Tre loro amici sono indagati per lo stesso reato, aggravato dall’aver approfittato della «temporanea incapacità psichica della vittima», che aveva bevuto. Una notte di divertimento, finita diversamente. Con la studentessa, difesa dall’avvocato Gaia Inverardi, che all’alba viene riportata a casa da Lucarelli e crolla sul pavimento, in lacrime, come dirà la sua coinquilina. Dopo qualche giorno, nonostante i «vuoti di memoria intervallati da flash», trova la forza di denunciare, «volevo essere sicura». E ripercorre quelle mezz’ore in balìa del gruppo. Sono le 3 del mattino di quel 27 marzo, la 23enne accetta un passaggio da cinque ragazzi ma si ritrova in una casa non sua. Nel frattempo, i cinque girano diversi video, alcuni realizzati nel tragitto in auto. Tra loro i ragazzi parlano e dicono frasi irripetibili, che mettono in luce le loro intenzioni. Lei ricorda di ritrovarsi nuda, in un appartamento che non era il suo, su una poltrona. «Io volevo andare a casa, non mi sono resa conto che mi stavano portando in un posto diverso. Non volevo andare in casa di quei ragazzi, anche perché avevo un fidanzato». Poi le violenze: «Ho solo capito che voleva avere un rapporto sessuale, così gli ho detto di mettersi il preservativo ma non ha voluto», racconta di uno degli indagati. La vittima ha parlato anche in incidente probatorio. E la delicata inchiesta della Squadra mobile milanese, guidata da Marco Calì, ha permesso di ricostruire il resto.

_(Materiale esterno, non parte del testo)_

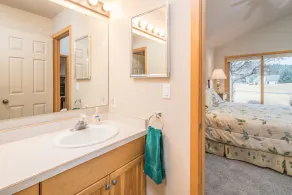 Spacious home on golf course w/stunning views & fireplace - Colter Loop Golf Escape - Image 3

Come i cinque video della serata. «Qui parte lo stupro eh», dicono i protagonisti. Un filmato è girato in casa. Si sente Apolloni dire: «Se questa chiama la polizia c’inc… tutti». Sempre lui invita gli altri a togliere le chiavi dalla serratura d’ingresso, negli stessi minuti in cui la vittima cerca di difendersi: «Non bloccarmi, non sono un oggetto» dice lei. L’inchiesta condotta dalla pm Alessia Menegazzo e coordinata dal procuratore aggiunto Letizia Mannella ha fatto affidamento anche sulle intercettazioni. Tra cui una tra Apolloni e Lucarelli, col secondo che si chiede: «Credo che per stupro cioè comunque tu debba averci un livido». In un’altra intercettazione, Cristiano Lucarelli chiede al figlio: «I video ci sono?», e il giovane risponde: «Sì ma meglio di no, non si usano perché fondamentalmente manca l’unico vero che avrebbe chiuso ogni dubbio. Quindi ancora non l’abbiamo scampata ma sono molto fiducioso». Lo stesso ex bomber, ieri sera, con un video su Instagram ha difeso il figlio: «Se prima ero convinto che mio figlio fosse innocente, dopo avere letto gli atti rafforzo ancora più l’idea». Anche il loro avvocato, Leonardo Cammarata, fa sapere che il calciatore «è devastato e incredulo e dice che non c’è stata alcuna violenza». E annuncia il ricorso al Riesame per chiedere la revoca della misura cautelare. Ordinata dal giudice Sara Cipolla nei confronti dei due giocatori del vivaio livornese, «spregiudicati», incapaci di capire davvero la gravità dei fatti. Perché hanno abusato dello «stato di inferiorità psichica» della vittima. «Le modalità e le circostanze dei fatti-reato denotano una spiccata pericolosità sociale di chi è sottoposto a indagini, tale da rendere assai probabile la reiterazione di analoghi comportamenti».